▶ [Required action]:
Lines from the listing below that contain the string "page" are to be reported.

▶ [Input data]:
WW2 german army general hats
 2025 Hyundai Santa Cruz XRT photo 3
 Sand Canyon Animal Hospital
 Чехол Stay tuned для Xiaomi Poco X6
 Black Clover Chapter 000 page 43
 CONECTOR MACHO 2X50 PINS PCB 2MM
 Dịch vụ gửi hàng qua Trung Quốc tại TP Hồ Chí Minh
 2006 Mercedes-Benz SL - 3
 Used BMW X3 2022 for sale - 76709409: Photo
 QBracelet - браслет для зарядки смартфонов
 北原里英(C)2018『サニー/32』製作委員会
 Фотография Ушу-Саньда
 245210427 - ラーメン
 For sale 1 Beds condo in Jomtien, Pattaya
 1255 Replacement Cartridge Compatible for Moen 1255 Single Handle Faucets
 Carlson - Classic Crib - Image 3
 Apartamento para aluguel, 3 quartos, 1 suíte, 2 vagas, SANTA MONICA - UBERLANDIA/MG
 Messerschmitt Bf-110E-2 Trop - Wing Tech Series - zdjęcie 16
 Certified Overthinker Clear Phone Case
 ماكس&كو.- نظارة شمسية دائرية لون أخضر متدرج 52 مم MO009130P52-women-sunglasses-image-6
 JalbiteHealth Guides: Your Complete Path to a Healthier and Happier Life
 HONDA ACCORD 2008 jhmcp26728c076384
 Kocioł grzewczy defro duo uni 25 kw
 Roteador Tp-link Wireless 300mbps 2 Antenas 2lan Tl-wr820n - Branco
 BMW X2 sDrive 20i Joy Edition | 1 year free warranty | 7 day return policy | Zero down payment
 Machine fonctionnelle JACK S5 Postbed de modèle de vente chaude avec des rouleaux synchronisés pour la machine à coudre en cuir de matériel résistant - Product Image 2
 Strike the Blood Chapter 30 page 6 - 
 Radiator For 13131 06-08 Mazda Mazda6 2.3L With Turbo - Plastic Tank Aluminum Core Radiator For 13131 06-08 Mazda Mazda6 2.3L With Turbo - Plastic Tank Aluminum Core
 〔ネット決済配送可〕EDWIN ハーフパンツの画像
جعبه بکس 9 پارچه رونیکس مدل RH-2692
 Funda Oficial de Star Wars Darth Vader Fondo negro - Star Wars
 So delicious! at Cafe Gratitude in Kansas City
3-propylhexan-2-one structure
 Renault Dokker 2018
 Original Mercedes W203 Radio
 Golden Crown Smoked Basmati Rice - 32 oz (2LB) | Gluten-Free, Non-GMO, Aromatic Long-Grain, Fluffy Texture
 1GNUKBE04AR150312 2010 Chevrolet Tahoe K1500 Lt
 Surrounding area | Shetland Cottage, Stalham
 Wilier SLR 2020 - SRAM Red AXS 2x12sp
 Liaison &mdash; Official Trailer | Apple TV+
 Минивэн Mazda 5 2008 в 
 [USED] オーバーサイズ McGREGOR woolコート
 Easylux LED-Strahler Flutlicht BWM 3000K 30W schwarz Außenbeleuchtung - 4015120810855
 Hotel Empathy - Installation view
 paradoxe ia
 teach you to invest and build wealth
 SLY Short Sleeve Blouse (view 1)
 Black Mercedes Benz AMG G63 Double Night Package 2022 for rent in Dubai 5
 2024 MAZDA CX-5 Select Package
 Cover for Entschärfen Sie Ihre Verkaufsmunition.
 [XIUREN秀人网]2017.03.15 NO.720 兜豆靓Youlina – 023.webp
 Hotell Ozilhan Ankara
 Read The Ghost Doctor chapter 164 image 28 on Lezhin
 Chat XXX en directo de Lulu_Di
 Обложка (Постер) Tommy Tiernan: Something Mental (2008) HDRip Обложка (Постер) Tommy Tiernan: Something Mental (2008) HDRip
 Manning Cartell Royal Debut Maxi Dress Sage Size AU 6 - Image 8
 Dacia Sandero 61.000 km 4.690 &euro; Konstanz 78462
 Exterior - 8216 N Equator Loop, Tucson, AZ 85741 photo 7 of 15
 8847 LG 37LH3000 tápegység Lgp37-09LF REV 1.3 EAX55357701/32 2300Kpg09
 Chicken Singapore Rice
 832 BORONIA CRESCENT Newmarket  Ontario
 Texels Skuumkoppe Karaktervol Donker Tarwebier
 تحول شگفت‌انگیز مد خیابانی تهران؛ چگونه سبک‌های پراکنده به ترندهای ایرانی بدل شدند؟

▶ [Worked solution]:
 Black Clover Chapter 000 page 43
 Strike the Blood Chapter 30 page 6 - 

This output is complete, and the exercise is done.